» **Task objective**
Skip the pictures, please, and write out exactly the lines from the opening of the data through the line containing "Western Blot - Anti-PCDH8".

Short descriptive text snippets
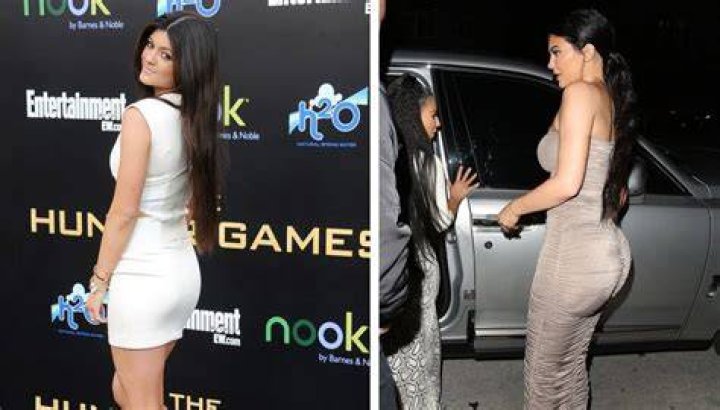 Does Kylie Jenner Have Butt Implants?
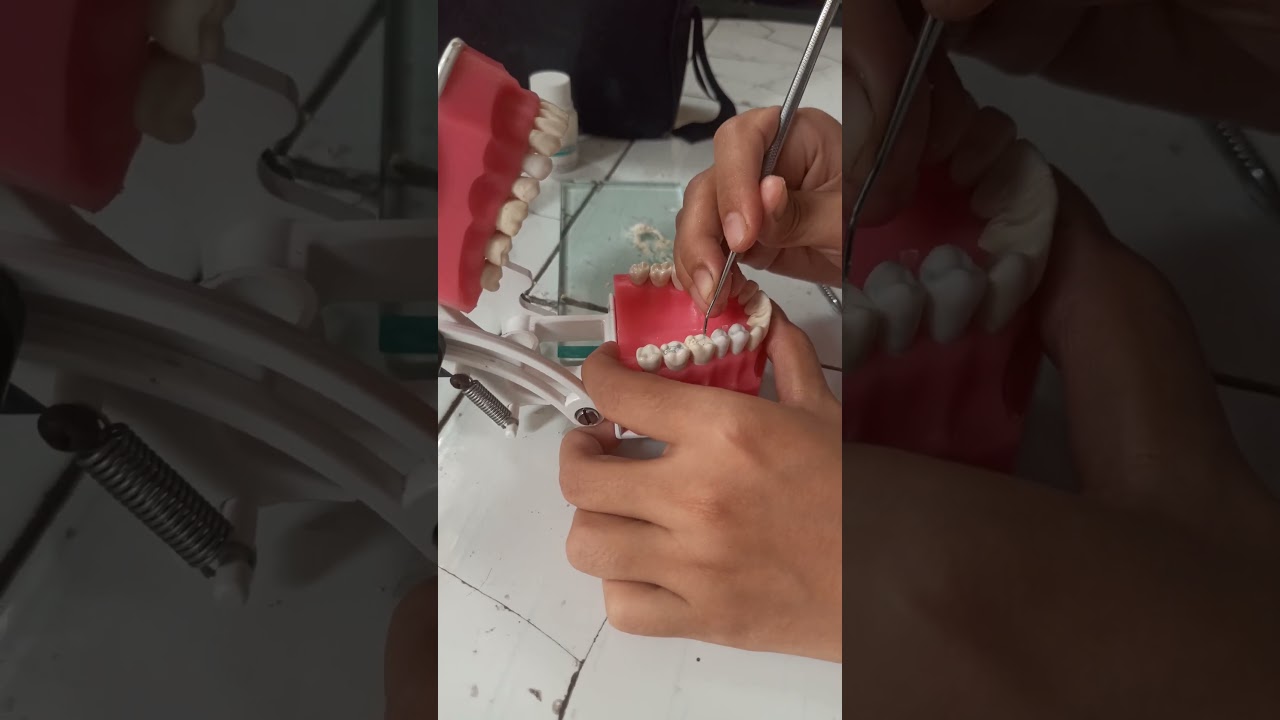 End Posting Day🦷|| #pedodontics #bds #dentist #dentalstudentlife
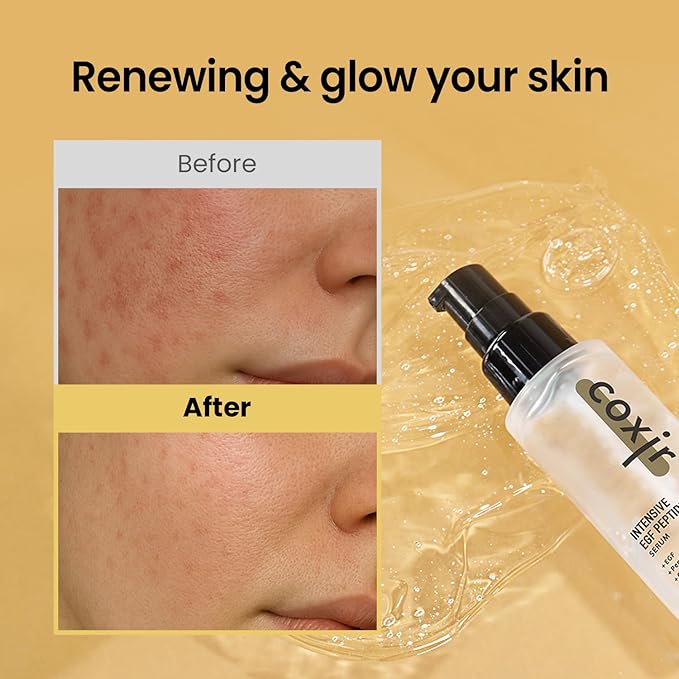 coxir INTENSIVE EGF PEPTIDES SERUM l EGF(Epidermal Growth Factor) Peptide Serum for Face – Korean Formula for Firm, Renew& Hydrated Skin – Facial Serum for Lines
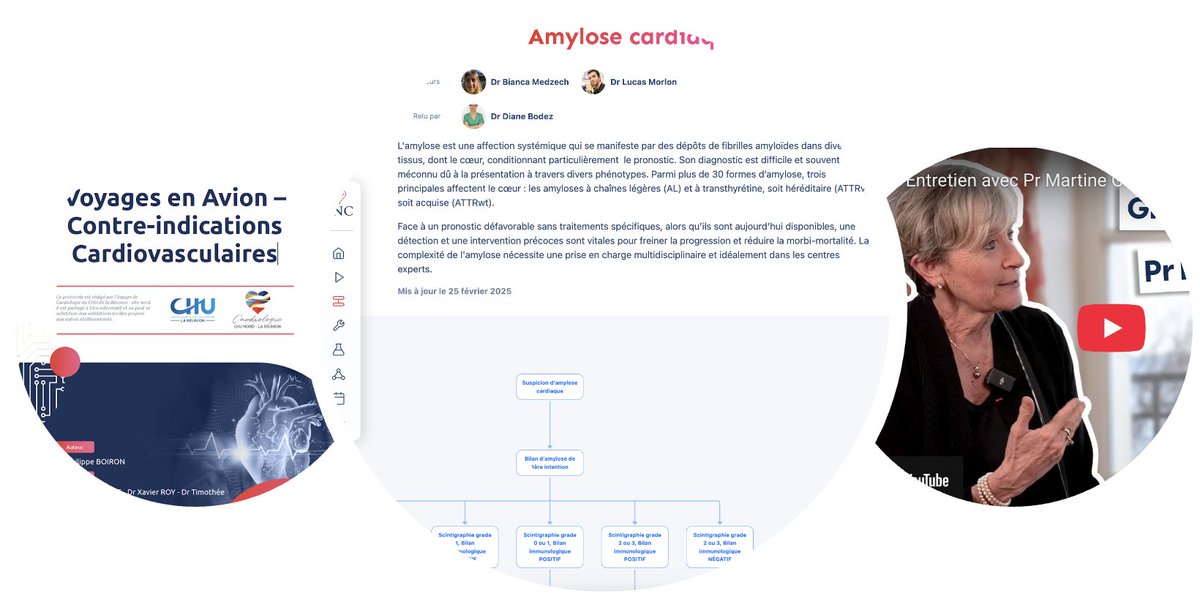 EcoleNumCardio's tweet photo. 📊 Ce que vous avez le + consulté en mars sur l’ENC !
https://t.co/QTJ3v61jMo

🛫 Voyages en avion (outil #1)

🎥 Pr Martine Gilard (vidéo #1)

🧬 Amylose cardiaque (protocole #1)

📚 100 % gratuit, 100 % pratique, 100 % cardio.

#cardiologie #medecine #ENC #sante https://t.co/k0Pu7hKfDn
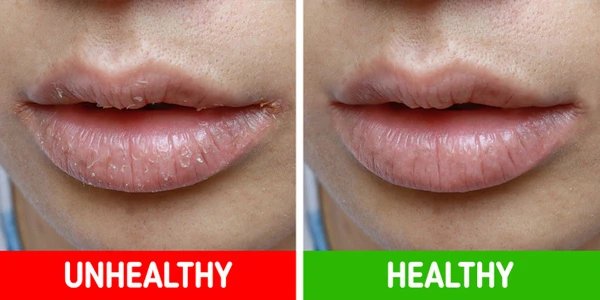 Dấu hiệu cảnh báo sức khỏe có vấn đề, bỏ qua hối không kịp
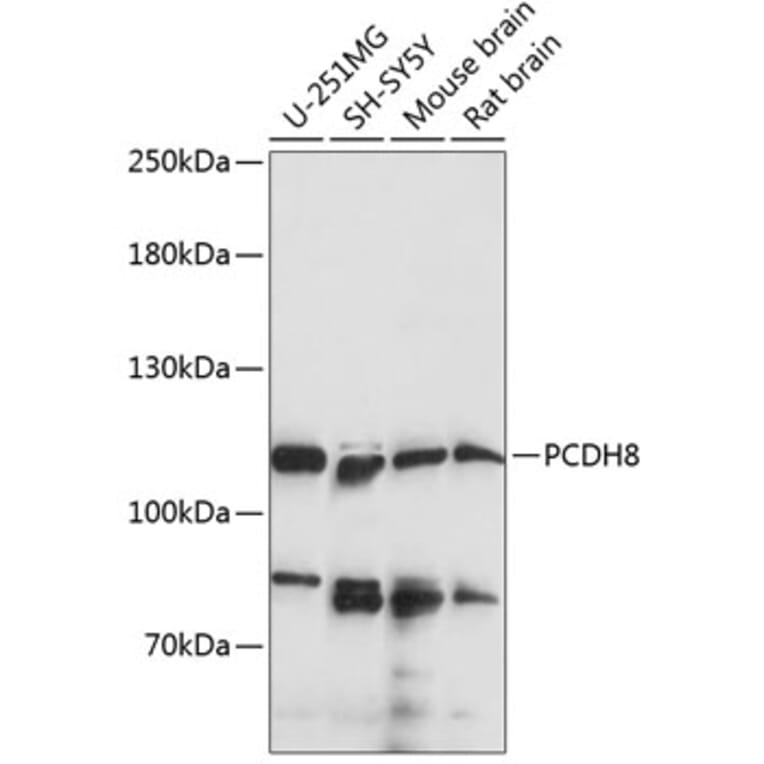 Western Blot - Anti-PCDH8 Antibody (A87931) - Antibodies.com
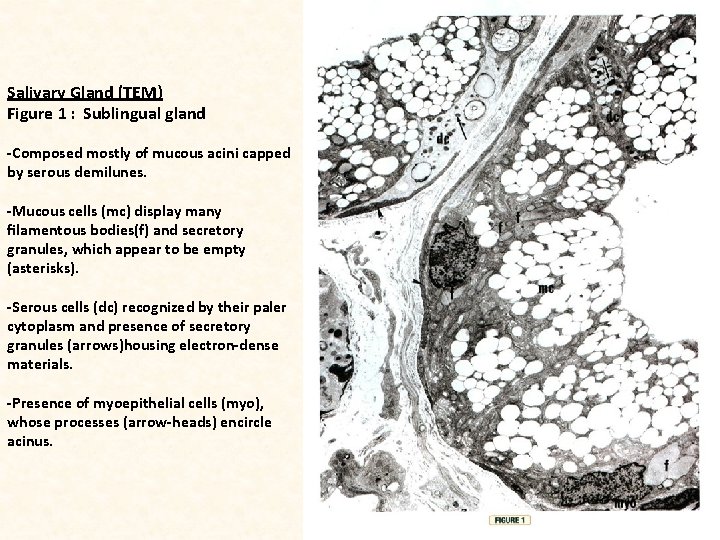 Salivary Gland (TEM) Figure 1 : Sublingual gland -Composed mostly of mucous acini capped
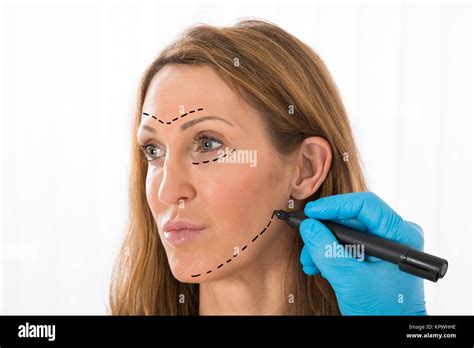 Plastic Surgery Lines Mature Hi Res Stock Photography And Images Alamy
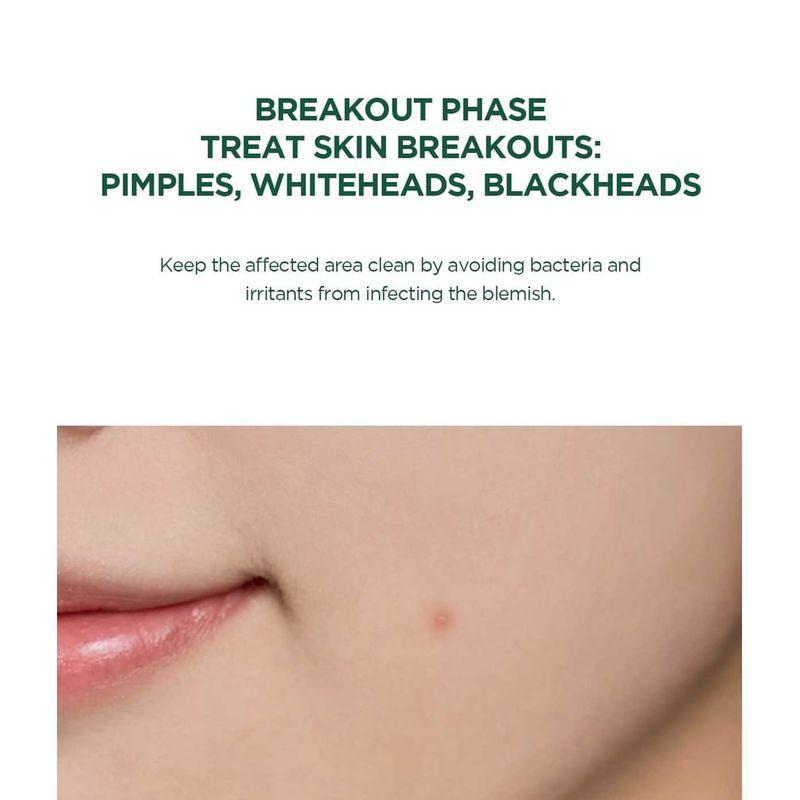 SKIN 1004 - Spot Cover Patch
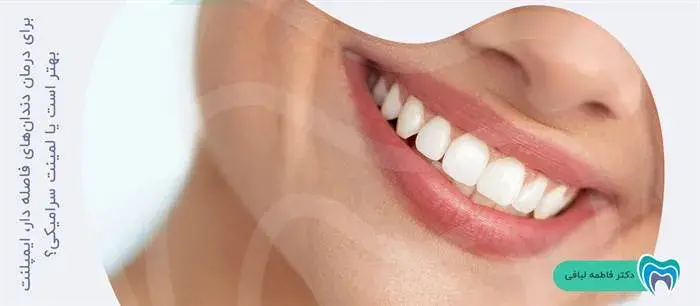 برای درمان دندان‌های فاصله دار، ایمپلنت بهتر است یا لمینت سرامیکی؟
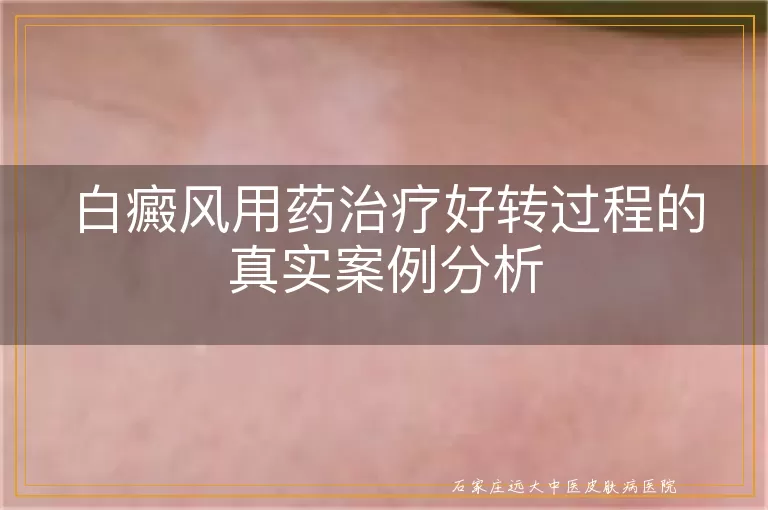 白癜风用药治疗好转过程的真实案例分析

» **Result of the task**
 Does Kylie Jenner Have Butt Implants?
 End Posting Day🦷|| #pedodontics #bds #dentist #dentalstudentlife
 coxir INTENSIVE EGF PEPTIDES SERUM l EGF(Epidermal Growth Factor) Peptide Serum for Face – Korean Formula for Firm, Renew& Hydrated Skin – Facial Serum for Lines
 EcoleNumCardio's tweet photo. 📊 Ce que vous avez le + consulté en mars sur l’ENC !
https://t.co/QTJ3v61jMo

🛫 Voyages en avion (outil #1)

🎥 Pr Martine Gilard (vidéo #1)

🧬 Amylose cardiaque (protocole #1)

📚 100 % gratuit, 100 % pratique, 100 % cardio.

#cardiologie #medecine #ENC #sante https://t.co/k0Pu7hKfDn
 Dấu hiệu cảnh báo sức khỏe có vấn đề, bỏ qua hối không kịp
 Western Blot - Anti-PCDH8 Antibody (A87931) - Antibodies.com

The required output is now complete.